Exclude all pictures, then write out exactly the lines below from the first one through the line with "株洲民企人才网最新招聘信息全面更新与概览".

• Exercise input:
—————

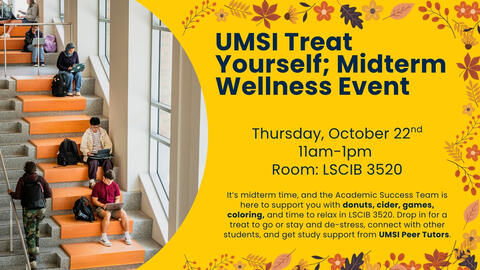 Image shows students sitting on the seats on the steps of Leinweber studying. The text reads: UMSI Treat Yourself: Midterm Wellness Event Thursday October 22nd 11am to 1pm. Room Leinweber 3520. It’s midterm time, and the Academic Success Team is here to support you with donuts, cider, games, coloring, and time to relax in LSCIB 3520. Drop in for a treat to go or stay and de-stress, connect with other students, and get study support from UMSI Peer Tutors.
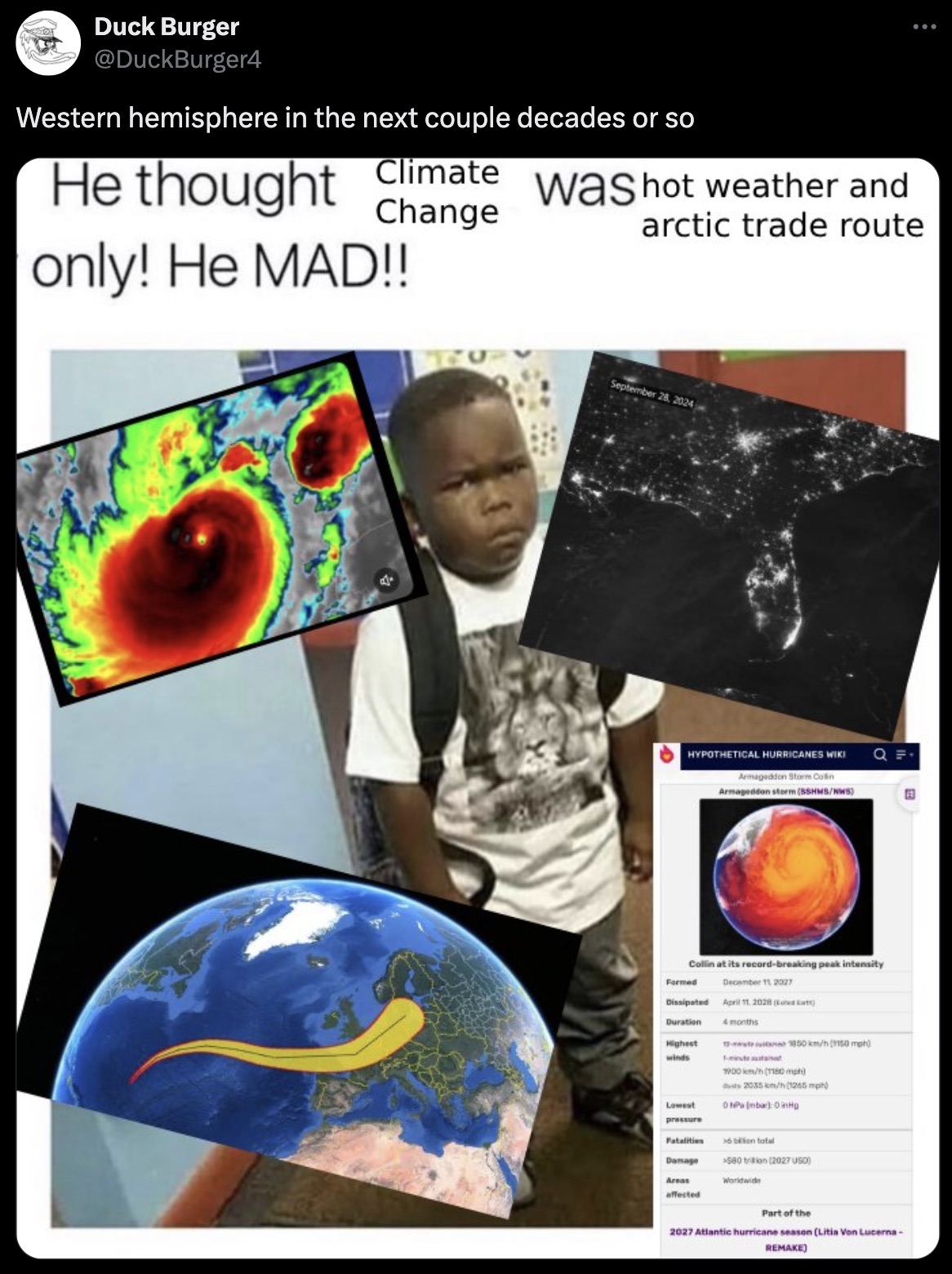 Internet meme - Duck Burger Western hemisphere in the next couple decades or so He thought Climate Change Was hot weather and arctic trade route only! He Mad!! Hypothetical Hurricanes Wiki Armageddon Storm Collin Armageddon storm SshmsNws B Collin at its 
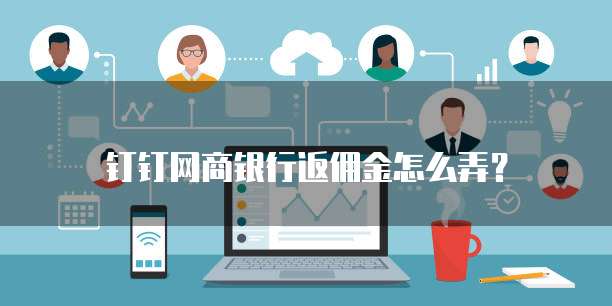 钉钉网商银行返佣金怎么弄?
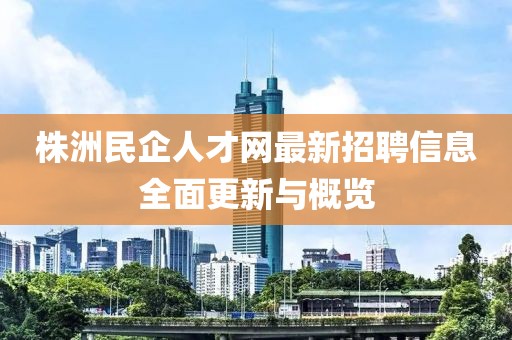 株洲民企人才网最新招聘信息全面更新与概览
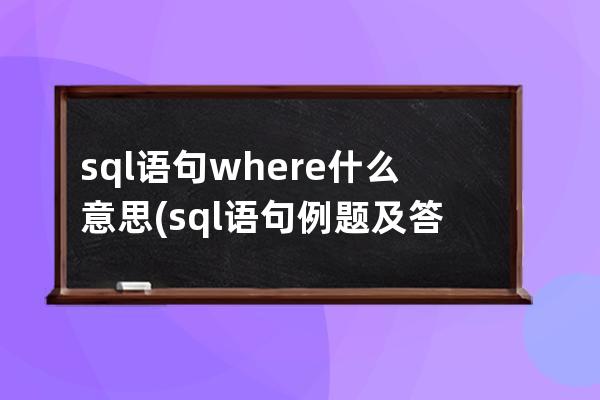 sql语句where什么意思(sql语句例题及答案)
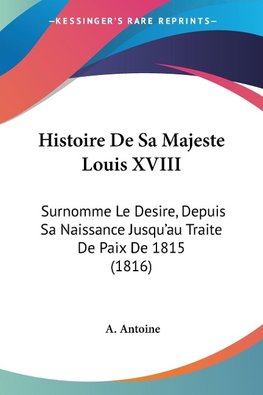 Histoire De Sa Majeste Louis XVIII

—————

• Worked solution:
 Image shows students sitting on the seats on the steps of Leinweber studying. The text reads: UMSI Treat Yourself: Midterm Wellness Event Thursday October 22nd 11am to 1pm. Room Leinweber 3520. It’s midterm time, and the Academic Success Team is here to support you with donuts, cider, games, coloring, and time to relax in LSCIB 3520. Drop in for a treat to go or stay and de-stress, connect with other students, and get study support from UMSI Peer Tutors.
 Internet meme - Duck Burger Western hemisphere in the next couple decades or so He thought Climate Change Was hot weather and arctic trade route only! He Mad!! Hypothetical Hurricanes Wiki Armageddon Storm Collin Armageddon storm SshmsNws B Collin at its 
 钉钉网商银行返佣金怎么弄?
 株洲民企人才网最新招聘信息全面更新与概览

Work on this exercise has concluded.